FOR MEMBERS: The ultimate guide to getting residency in Italy

Photo: DepositPhotos

This article originally appeared as part of The Local's Europe and You newsletter, a weekly dose of news, analysis, insights and events about Brexit and the EU27. To receive it in your inbox, sign up here.


France and Italy face spending rebuke from EU

The European Union was expected to issue warnings to France, Italy and several other governments over excessive spending after new budget rules came into force this year.

France and Italy face spending rebuke from EU

The rebuke comes at a particularly difficult moment for France, where both the far left and far right are piling up spending promises ahead of snap polls triggered by President Emmanuel Macron’s crushing EU election defeat.

This will be the first time Brussels has reprimanded nations since the EU suspended the rules because of the 2020 Covid pandemic and the energy crisis triggered by Russia’s invasion of Ukraine, as states propped up businesses and households with public money.

The EU spent two years during the suspension overhauling budget rules to make them more workable and give greater leeway for investment in critical areas, like defence.

But two sacred goals remain: a state’s debt must not go higher than 60 percent of national output, with a public deficit – the shortfall between government revenue and spending – of no more than three percent.

The European Commission will publish assessments of the 27 EU states’ budgets and economies on Wednesday, and is expected to point out that some 10 countries including Belgium, France and Italy, have deficits higher than three percent.

The EU’s executive arm has threatened to launch excessive deficit procedures, which kickstart a process forcing a debt-overloaded country to negotiate a plan with Brussels to get back on track.

Such a move would need approval by EU finance ministers in July.

Countries failing to remedy the situation can in theory be hit with fines of 0.1 percent of gross domestic product (GDP) a year, until action is taken to address the violation.

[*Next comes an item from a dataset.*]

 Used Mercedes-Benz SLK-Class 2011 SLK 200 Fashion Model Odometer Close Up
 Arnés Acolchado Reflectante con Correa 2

In practice, though, the commission has never gone as far as levying fines, fearing it could trigger unintended political consequences and hurt a state’s economy.

The EU countries with the highest deficit-to-GDP ratios last year were Italy (7.4 percent), Hungary (6.7 percent), Romania (6.6 percent), France (5.5 percent) and Poland (5.1 percent).

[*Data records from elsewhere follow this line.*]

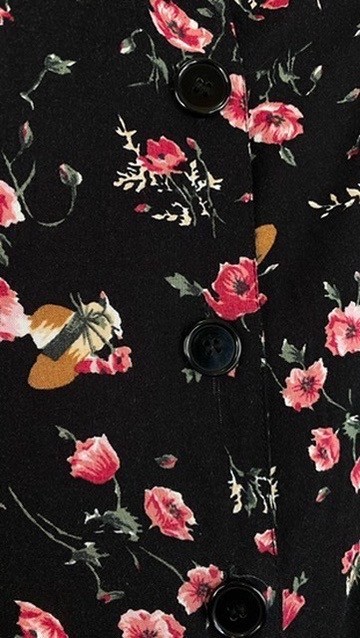 Vintage 1990s black pink romper XXL novelty print hats floral rayon plus size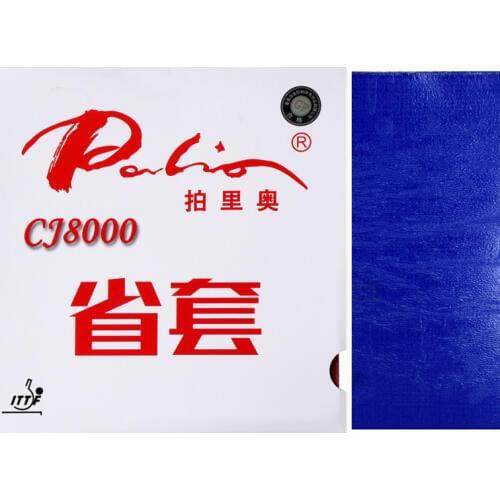 Palio Official CJ8000 Provincial version Table Tennis Rubber Blue Cake Sponge Speed and Spin Suit for Professional Player
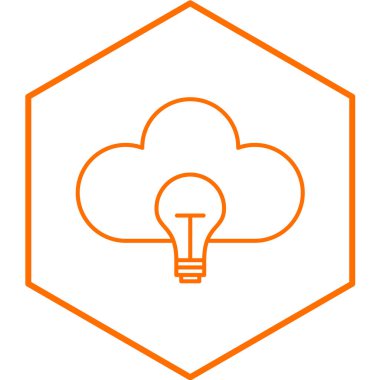 Bulut simgesi tasarım vektör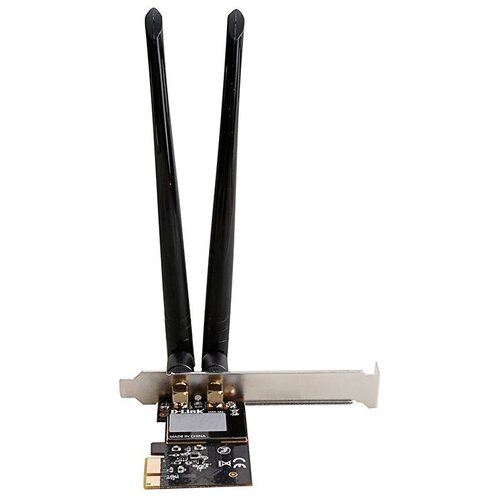 Сетевой адаптер WiFi D-Link DWA-582 DWA-582RU10B1A AC1200 PCI Express ант. внеш. съем 2ант. упак.10шт сетевой адаптер wi fi d link dwa 582 oem dwa 582 pci express ант внеш съем 2ант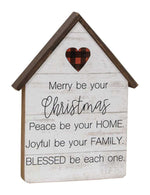 Merry Be Buffalo Check Heart House  (2 Count Assortment)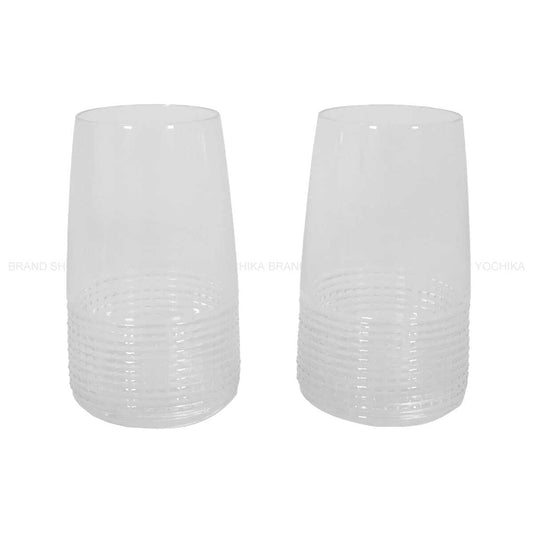 [Pre-loved] HERMES glass Highball INTERVALLE Pair Not Specified Crystal Glass[LIKE NEW][Authentic]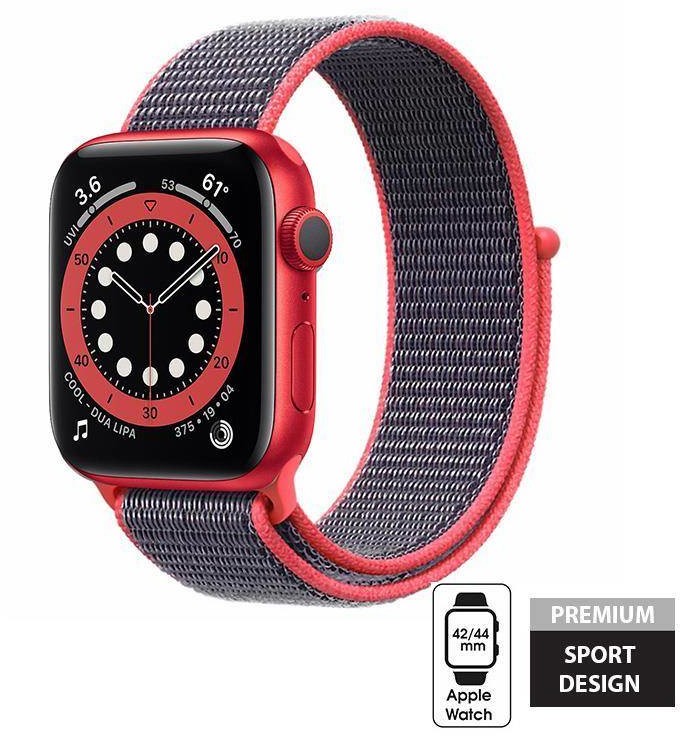 Crong Nylon - Pasek sportowy do Watch 42/44/45 mm (Electric Pink) b2btrade-15865-0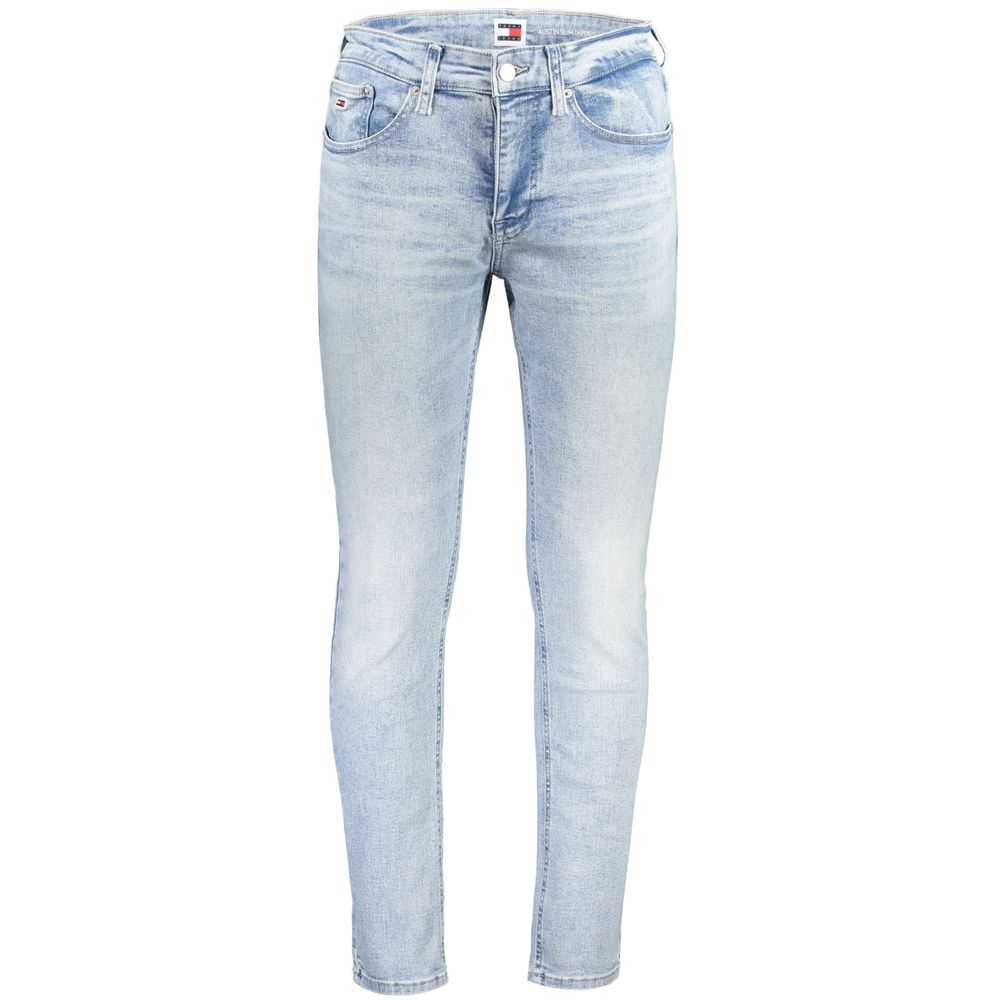 Light Blue Cotton Jeans & Pant - GLAMHUB BOUTIQUE 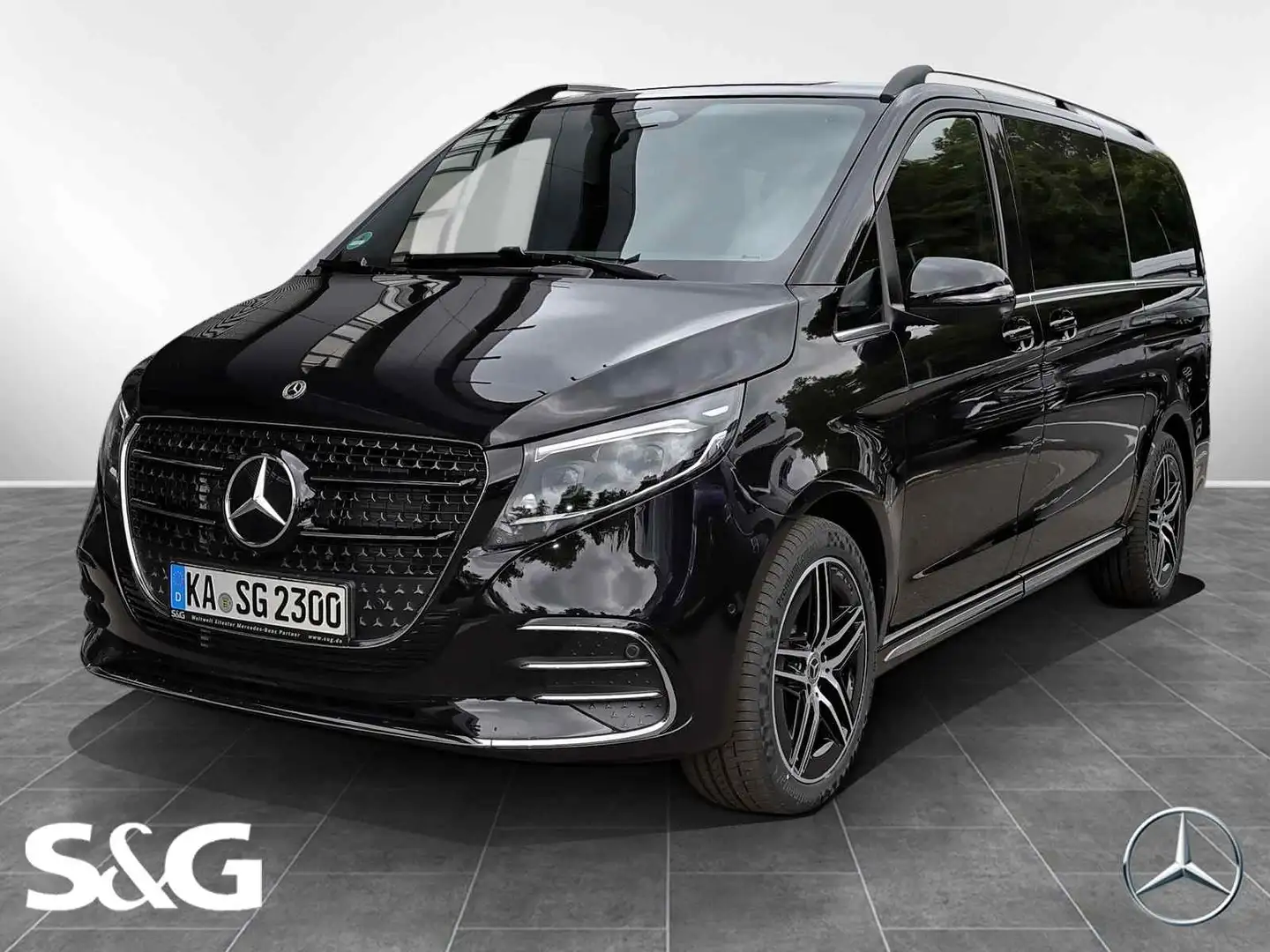 Mercedes-Benz V 300 d AVANTGARDE lang AMG Standhz+AHK+Distroni Negru - 1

They may face the excessive deficit procedures, alongside Slovakia, Malta and Belgium, which also have deficits above three percent, according to Andreas Eisl, expert at the Jacques Delors Institute.

The picture is complicated for three other countries, Eisl said. Spain and the Czech Republic exceeded the three percent limit in 2023 but should be back in line this year.

Meanwhile, Estonia’s deficit-to-GDP ratio is above three percent – but its debt is around 20 percent of GDP, significantly below the 60 percent limit.

The commission will look at the states’ data in 2023 but “will also take into account the developments expected for 2024 and beyond”, the expert told AFP.

Member states must send their multi-annual spending plans by October for the EU to scrutinise and the commission will then publish its recommendations in November.

Under the new rules, countries with an excessive deficit must reduce it by 0.5 points each year, which would require a massive undertaking at a moment when states need to pour money into the green and digital transition, as well as defence.

Adopted in 1997 ahead of the arrival of the single currency in 1999, the rules known as the Stability and Growth Pact seek to prevent lax budgetary policies, a concern of Germany, by setting the strict goal of balanced accounts.